Data provided =>
▬▬▬

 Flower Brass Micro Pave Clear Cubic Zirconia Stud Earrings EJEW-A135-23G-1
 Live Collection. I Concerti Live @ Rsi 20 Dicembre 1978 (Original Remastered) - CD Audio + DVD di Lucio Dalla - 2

▬▬▬

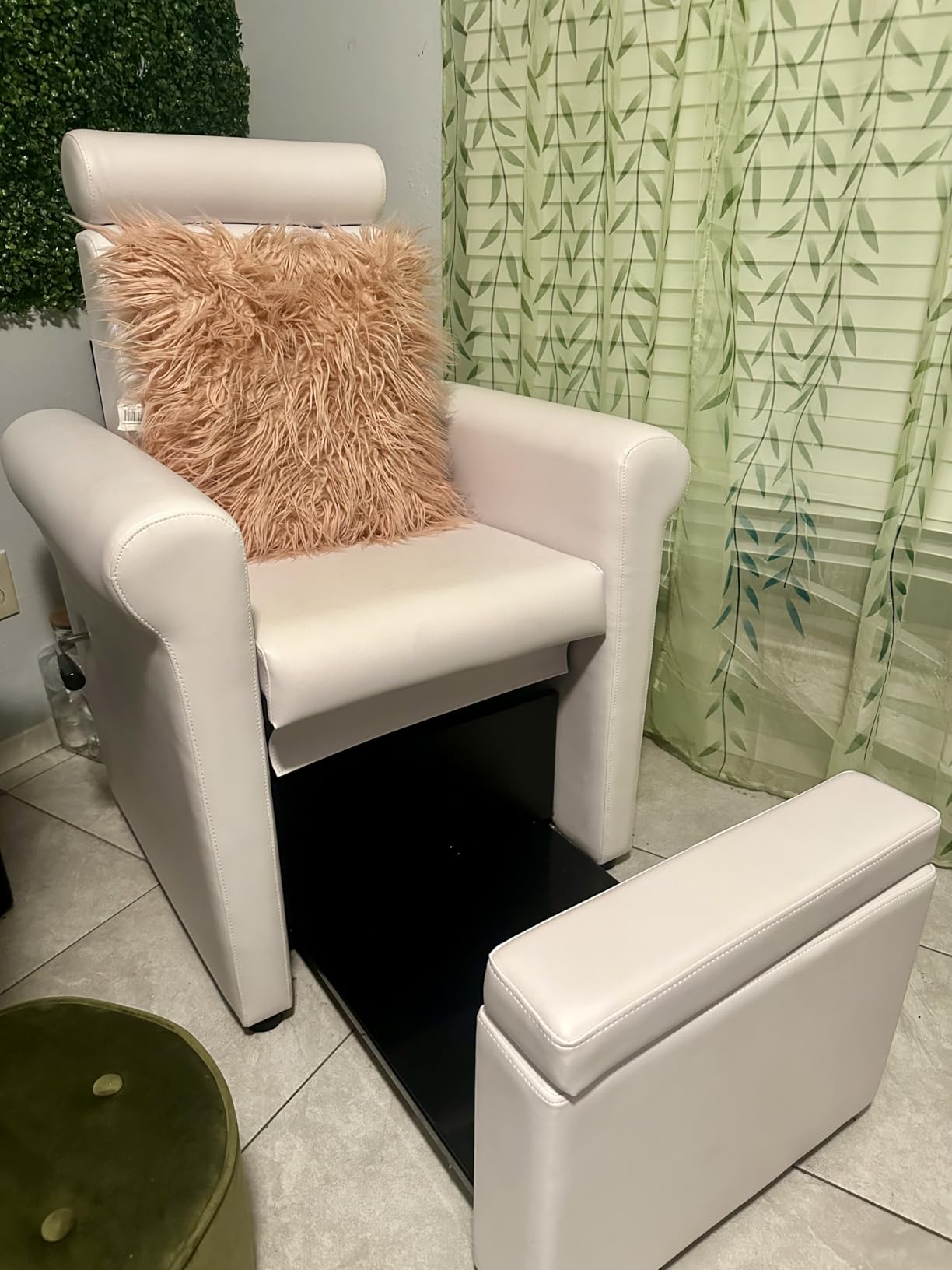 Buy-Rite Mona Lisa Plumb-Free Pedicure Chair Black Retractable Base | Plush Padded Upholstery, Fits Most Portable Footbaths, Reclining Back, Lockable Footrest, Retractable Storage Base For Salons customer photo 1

▬▬▬

What the exercise asks =>
Within the material above, copy exactly the lines from the line that holds "Flower Brass Micro" up to and including the line that holds "Live Collection. I".

Task response =>
 Flower Brass Micro Pave Clear Cubic Zirconia Stud Earrings EJEW-A135-23G-1
 Live Collection. I Concerti Live @ Rsi 20 Dicembre 1978 (Original Remastered) - CD Audio + DVD di Lucio Dalla - 2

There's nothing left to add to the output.